Agree with you to some extent.

Problem with young adults is finding them in a herd group.

High school kids would be easier to corral. Plus their parents would be easier to work with.

Young adults, would have to find them before love/lust has set in.

Young adults jump pretty quick from being single to starting to fill the nest. Once the nest starts to fill, guns and hunting are not important.. Also disposable income starts to wane.

What would help is if ML Clubs would work hard to actually expand their ranks. Most clubs do not work at it and most do not advertise that they exist.

Ads in the Sunday sports section might draw new members to a club. Put the ad next to the Hunting and Fishing section in the sports section. Flyers in the local sporting goods store who sells hunting and fishing stuff.

If your state has a fish and game magazine, put an ad there with all the ML Clubs in the state with contact information.

Contact Swiss in Arlington, TX to see if they have any ideas. They donate a lot to 4H.

Would be interesting here to know what the group interest is.

Some of the groups would be large animal hunting, small animal, gun building, collecting, line matches, just plain ol' shooting, just happy that it went off, etc.

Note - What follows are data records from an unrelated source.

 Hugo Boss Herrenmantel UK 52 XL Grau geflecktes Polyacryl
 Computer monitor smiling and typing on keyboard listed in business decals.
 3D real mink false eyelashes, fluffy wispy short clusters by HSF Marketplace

If folks do not know you exist they will not come.
 
In regards to generating interest, many people refer to the Bicentennial and how that peaked interest. Many people forget that we have the Sestercentennial coming up in a few years. That could be put good use in perpetuating ML interest along with history and help keep both in a positive in light.
I have a mentor who took me out, let me and my son try shooting his MLs. (We have as a family been interested in history and spectated at some reenactments.) We went out this fall to a reenactment, my friend/mentor and his group put us in period clothes for the day and let us help and live fire their 4# cannon. Yes, live fire. Yeah, he set the hook hard. They have since set my son up with a rifle and clothing. I have purchased a rifle. The two of us then actually participated in the ML club (that I joined) rendezvous campout. We now have my other two sons shooting BP and hopefully will have them into their own guns soon. I guess what I am trying to say is you never know how far a little encouragement/help will go. That's 4 of us newbies with positive views of the sport.
 
I forgot, I had also wondered if bushcraft classes held at ML clubs would bring some people in. Someone previously mentioned 18th century survival skills. There is interest from the younger people in that area. Our club has a campground and room for it, would just need to find an instructor looking for a location. Shooting MLs could be part of the instruction.